2) Vous avez évoqué l’approche probabiliste du calcul des risques, certaines entités défendent une approche statistique. Qu’en pensez-vous ? Arrivez-vous à mixer les deux ?

- On fait le retour d’expérience régulier de la fiabilité. Les ratios de fiabilité prévus à la conception sont régulièrement testés. On surveille en exploitation. Il y a des EPS (évaluations probabilistes de sureté) de niveau 2. Les experts qui se chargent de la sureté sont capables de réinjecter les données expérimentales, pour calculer le risque de fusion du cœur.


3) Comment prendre en compte l’erreur humaine ?

Il faut bien prendre en compte le délai opérateur. L’opérateur a 30 alarmes qui se déclenchent. Certaines alarmes sont plus importantes. L’opérateur doit lire la documentation pour bien traiter les alarmes. Dans les centrales, le délai prévu est de 20min. Pendant 20min, l’opérateur n’a rien à faire…

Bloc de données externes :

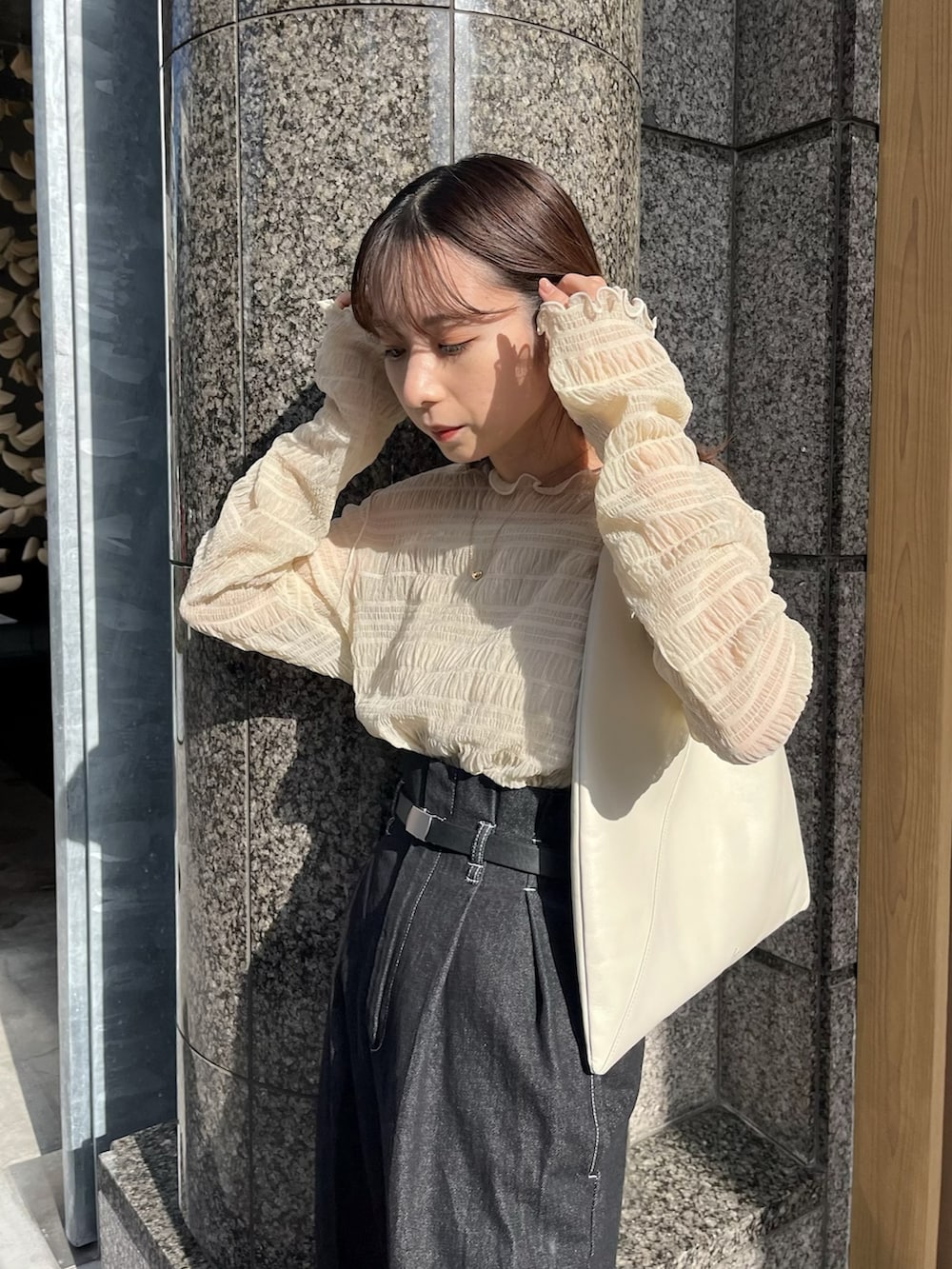 ブラック系のその他パンツ、ベージュ系のTシャツ/カットソー、ブラック系のサンダルを着用したレディースの冬コーディネートの2枚目の写真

Pour contrôler la fiabilité des processus, il y a des tests d’erreur humaine avec le personnel EDF. Certains opérateurs passent 15 jours sur simulateur (un peu comme des aviateurs), et doivent valider les tests.

 

4) En mai 2011, l’ASN a annoncé qu’on ne peut ne peut pas totalement exclure un accident de type Fukushima. Elle s’est basée sur l’impossibilité de prévoir une conjonction de catastrophes. Etes-vous d’accord ?

- Un risque zéro n’existera jamais

- On peut limiter le risque par deux approches : résistance et résilience.

On peut améliorer la conception pour réduire le risque. On atteint quand même les limites. In fine, un accident nucléaire ne peut venir que de la perte de l’eau de refroidissement. Il faut donc s’assurer que le débit nécessaire soit fourni. Il faut donc avoir des diesels qui fonctionneront quoi qu’il arrive, des sources d’eau fiables, et les équipes capables de gérer la situation. Ces équipes sont d’abord les employés de la centrale, puis au bout de 24h la force d’action rapide nucléaire, puis des employés d’autres sites.

On ne peut pas imaginer l’inimaginable, il faut se prémunir contre les risques en sachant comment protéger les points sensibles de la centrale.

 

5) Les dommages touchent directement le gros de la population ?

Non. Le plus gros problème, c’est que les gens sont évacués et ne peuvent plus revenir vivre chez eux. En effet, le Césium a une durée de vie de 30 ans. C’est cela qui pose le problème de l’acceptabilité du nucléaire.


6) Il est donc impossible de garantir l’acceptabilité du nucléaire.

Les filtres à sables constituent une solution au danger pour la population. En effet, en cas de début de fusion du cœur, s’il y a montée en pression de l’enceinte, on ouvre l’enceinte via le filtre. L’iode sort, mais il a une faible durée de vie. Le Césium, lui, est piégé dans les filtres.


7) Il n’y a pas que ça qui dérange les gens. Le problème c’est aussi la transparence. Les gens ont peur parce qu’on leur a menti. Vous dites qu’il n’y aura pas de morts mais je ne sais pas si les gens vous croient.

La difficulté de la transparence est qu’il faut trouver le juste milieu entre ne rien dire et noyer le poisson.

La transparence, c’est dire aux gens ce qu’ils n’aimeraient pas apprendre par quelqu’un d’autre que vous. Cela signifie que parfois, il faut déclarer des informations  qui ne sont pas importantes en termes de risque, mais qui pourraient inquiéter le public s’il n’était pas au courant. Il est difficile de comprendre la sensibilité des gens dans un monde de techniciens, et la transparence, c’est cela. La communication autour du risque est donc primordiale.


8) Il n’y a pas que le risque d’accident qui préoccupe la population: Il y a eu récemment par exemple le problème des leucémies.

L’étude qui a été publiée sur la question donnait plusieurs éléments de réponse, et seul un de ces éléments a été relayé par les médias.

- Il y a eu un taux de leucémie supérieur à la moyenne sur une période de 5 ans (2002-2007).

- Sur une période plus longue d’expérimentation, c’est-à-dire 17 ans, les taux sont normaux.

- Les 14 cas de leucémie ne sont pas sous les vents dominants.

 

Sur ces trois informations, les médias ne donnent que la première.